DATA.
Segment Open

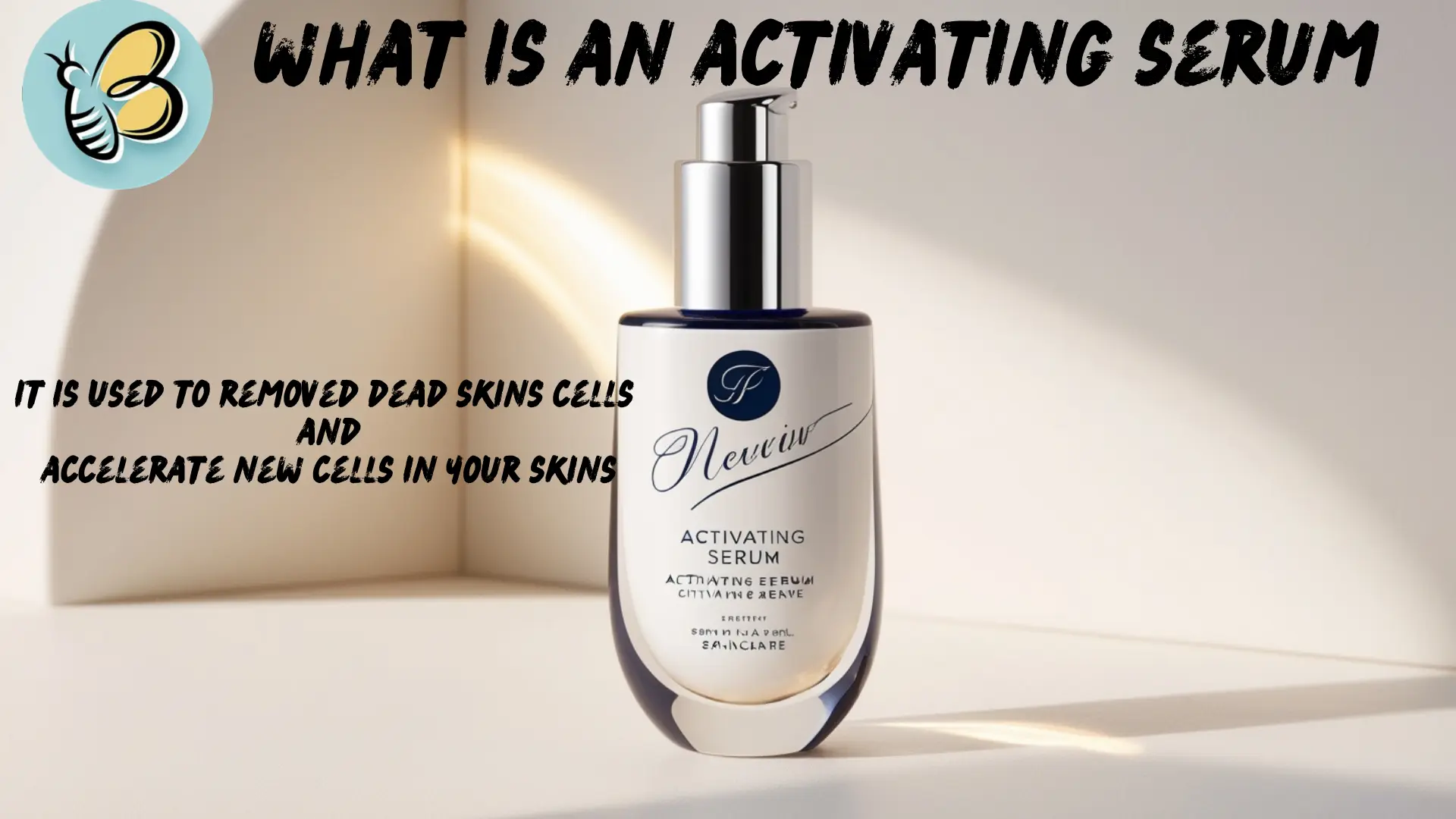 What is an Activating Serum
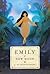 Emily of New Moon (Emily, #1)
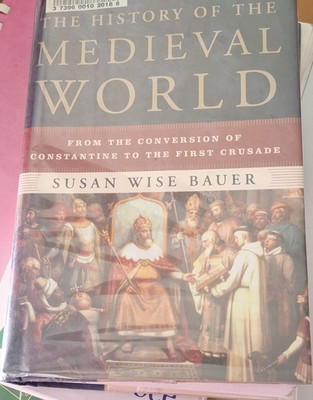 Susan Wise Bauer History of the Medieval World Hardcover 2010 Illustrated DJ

Segment Closed

EXERCISE BRIEF. None of the pictures belong in the copy; repeat all other material exactly.

SOLVED PROBLEM.
 What is an Activating Serum
 Emily of New Moon (Emily, #1)
 Susan Wise Bauer History of the Medieval World Hardcover 2010 Illustrated DJ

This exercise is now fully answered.